* [EXERCISE AIM] Beginning with the line that contains "Memories uit de", transcribe the rest of the listing below exactly, including its last line, and exclude any pictures.

-- -- --

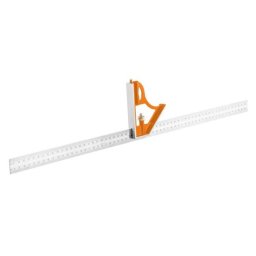 Liniar multifunctional pentru masurat unghiuri NEO, otel inoxidabil, 60 cm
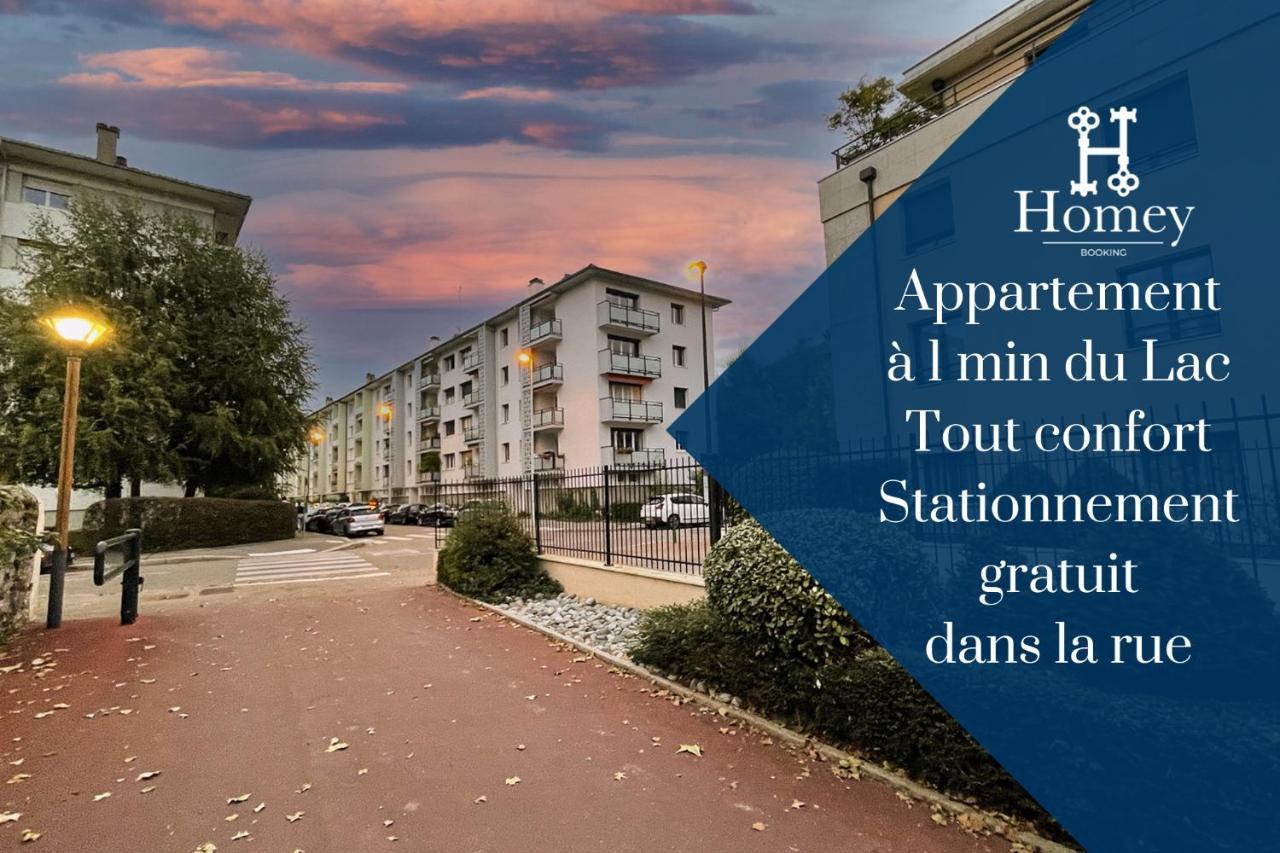 Homey Montaigne - New - A 1 Min A Pied Du Lac D'Annecy - 2 Balcons Prives - Appartement Avec 2 Chambres - Stationnement Gratuit Toute L'Annee Sauf En Ete - Juin A Aout Экстерьер фото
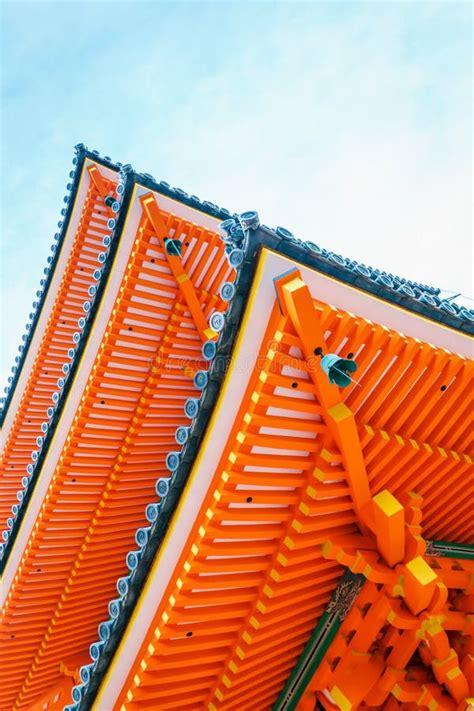 Beautiful Architecture In Kiyomizu Dera Temple Kyoto Japan Stock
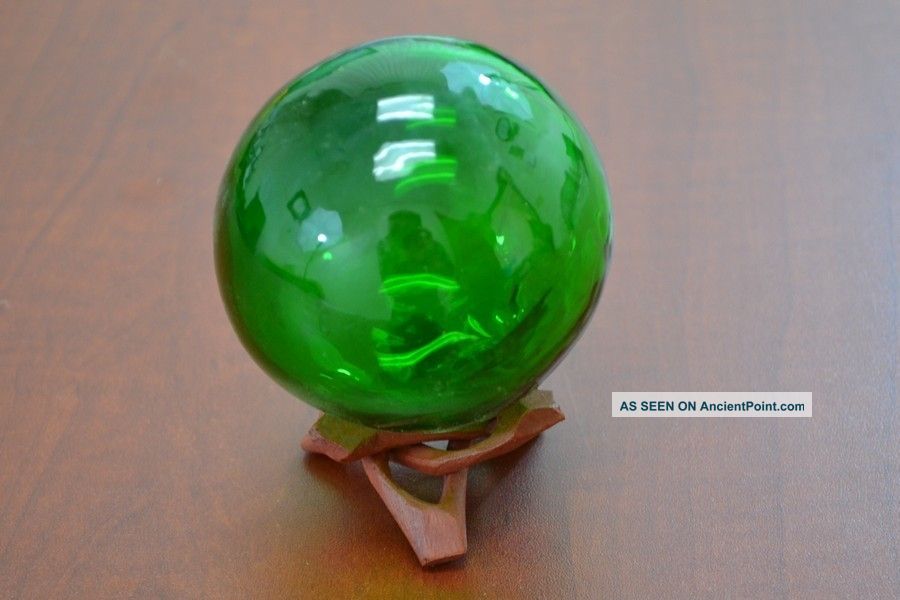 Reproduction Green Glass Float Fishing Ball 3 
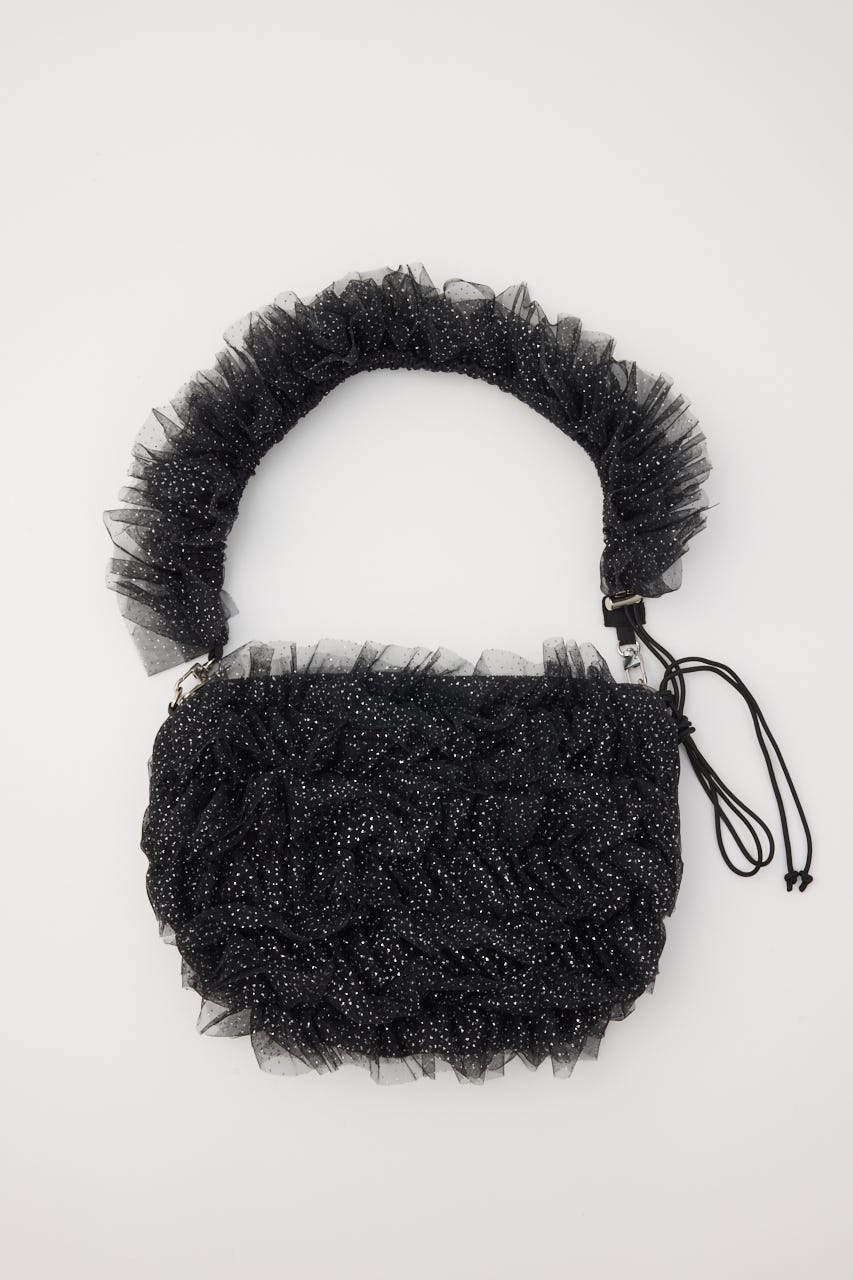 manywayチュールバッグ BLK FREE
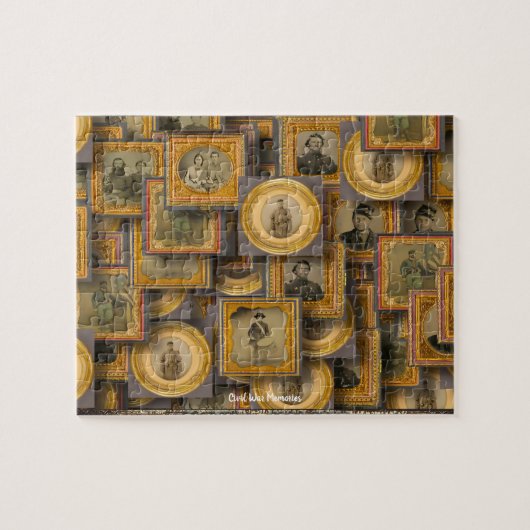 Memories uit de Amerikaanse burgeroorlog Legpuzzel (Horizontaal)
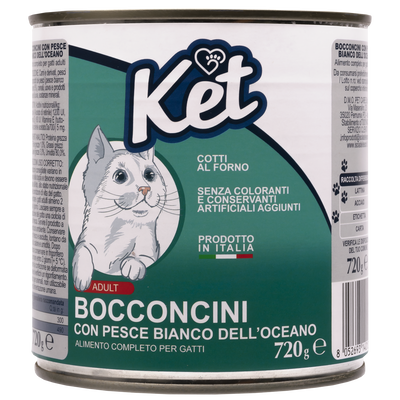 Ket Cat Adult All breeds Bocconcini Pesce dell'Oceano 720 gr
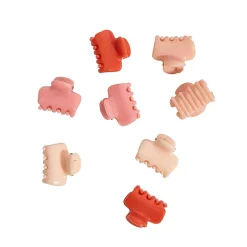 Kitsch 8-pc. Recycled Plastic Mini Cloud Clips- Assorted Cherry Value Set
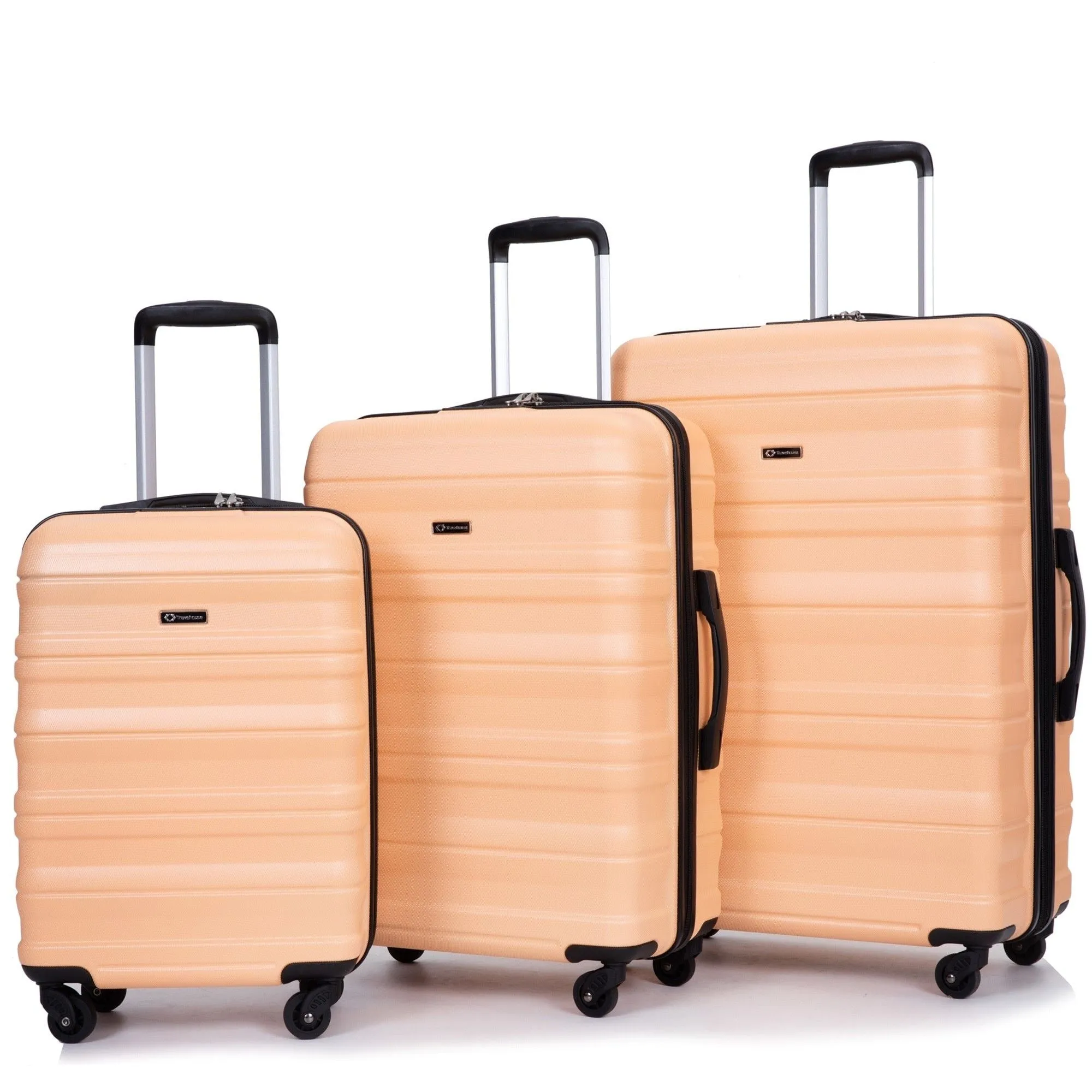 3-Piece Lightweight Luggage Set with TSA Lock and Spinner Wheels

-- -- --

* [EXERCISE OUTPUT]
 Memories uit de Amerikaanse burgeroorlog Legpuzzel (Horizontaal)
 Ket Cat Adult All breeds Bocconcini Pesce dell'Oceano 720 gr
 Kitsch 8-pc. Recycled Plastic Mini Cloud Clips- Assorted Cherry Value Set
 3-Piece Lightweight Luggage Set with TSA Lock and Spinner Wheels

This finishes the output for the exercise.